The sixth chapter is about API development, the idea being one should create a separate layer that Streamlit can access instead of being a code heavy layer. Having a detailed chapter on developing flask application is really not necessary as that itself can be a book length treatment. May be this is the issue that plagues any book that is written by multiple authors. It is difficult to cut down content if multiple authors are involved in writing a book.

The seventh chapter is about session management. Despite the chapter length treatment in the book, I have really found a short tutorial on Streamlit site to be much more concise and to the point. Frankly I don’t think any data scientist or someone who wants to develop quick prototypes will find this chapter useful.

The eight chapter is about authentication and application security. Again this chapter is stretched beyond what is needed. Given that Streamlit is mainly targeted towards data scientists, a basic authentication like using secrets.toml should suffice if you are hosting on Streamlit community cloud. A short article on this topic on Streamlit blog is more than enough for most of the apps.

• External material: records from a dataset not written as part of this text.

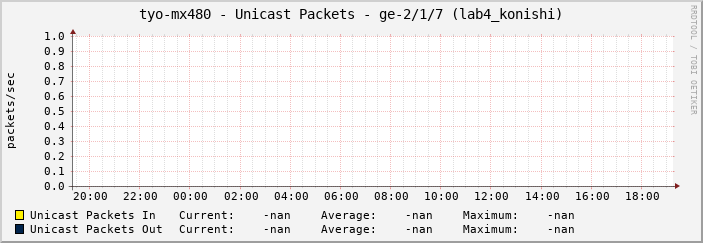 tyo-mx480 - Unicast Packets - ge-2/1/7 (lab4_konishi)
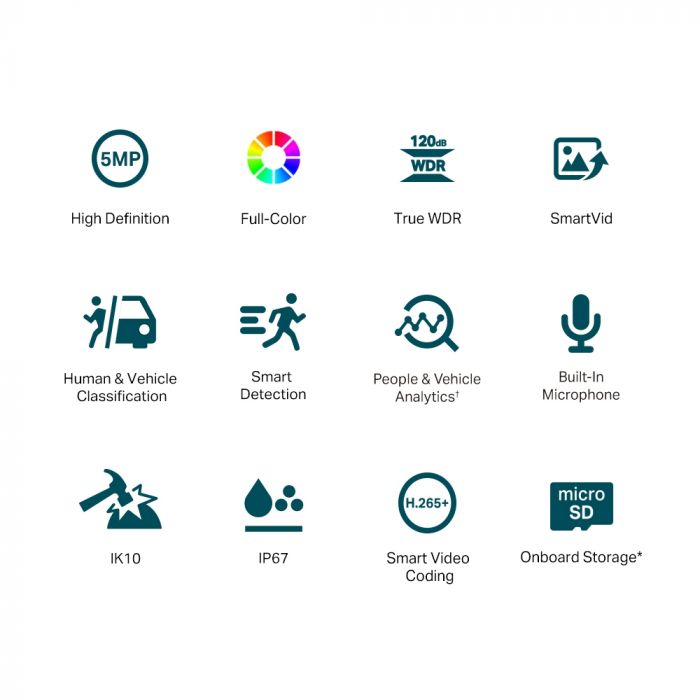 IP-Камера TP-LINK VIGI C250-2.8, PoE, 5Мп, 2,8 мм, H265+, IP66, Dome, кольорове нічне бачення, зовнішня IP-Камера TP-LINK VIGI C250-2.8, PoE, 5Мп, 2,8 мм, H265+, IP66, Dome, кольорове нічне бачення, зовнішня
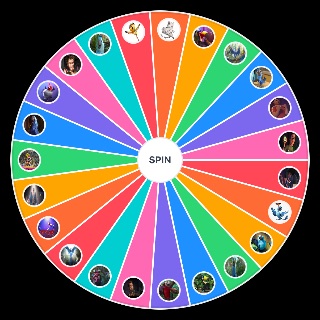 Rio Characters Wheel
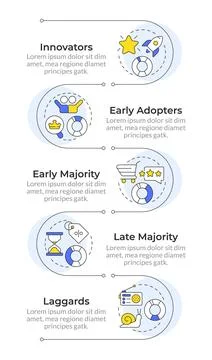 Technology adoption infographic vertical sequence Illustrazione stock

The ninth chapter talks about making Streamlit app accessible to everyone. This chapter is of course very important as the whole purpose of Streamlit framework is to share data science work with others. I was quite familiar with the options and hence did a speed read of this chapter. Deploying to Streamlit community cloud is the easiest of options. The other option of course is to put everything in a docker container, make an image of it, and use any of the cloud providers infrastructure to host spin up services based on the docker container. I have found that AWS Fargate offers a very convenient way to host Streamlit apps. There is a one time learning curve in understanding AWS Fargate and subsequently you will have a powerful way to distribute your apps in a secure way. Also for security reasons, you might want to spin up a load balancer with in AWS infra so that you can install specific security certificates to enable HTTPS. The steps that one can follow to host a Streamlit app securely on AWS are

  1. Spin up a VM or use your local machine to create a docker image
  2. Register the image in AWS Elastic Container Registry
  3. Create a AWS ECS Cluster
  4. Create a Task where you define the VMs, the infra and the relevant docker image that you want ECS cluster to run. Run the relevant task via your ECS cluster definition
  5. Create a AWS Load balancer and use it to front any requests to the Streamlit app running on the ECS cluster
  6. Enable HTTPS and install the relevant certificate

The above half a dozen steps should take about 15 to 20 minutes for someone familiar with AWS components. If someone is doing for the first, there is a learning curve for each of the six steps. However given the wide spread AWS documentation , blog posts, videos on AWS components, it is very easy to learn and get this done. Having said that, if you are looking a light weight app sharing mechanism, nothing beats Streamlit Community cloud option

One of the penultimate chapter relates to building Streamlit components. The book ends with a few chapters on use cases. I found the use cases pretty trivial and not containing much of a substance. However it might be useful for others.

Takeaway

I found this book to be a valuable quick refresher on various Streamlit concepts. While it doesn’t have standout features, pairing each chapter with corresponding official Streamlit documentation and reading the pairs simultaneously seems to be an effective learning approach. The book deviates slightly from Streamlit’s ethos of simplicity and agility in web app development, as it delves too deeply into general web development aspects. For future editions, it would be beneficial if the authors streamlined the content to align more closely with Streamlit’s philosophy of being a quick and lightweight framework for agile web app development. May be cut the book down to half so that it makes it easier for the reader to grasp the essentials.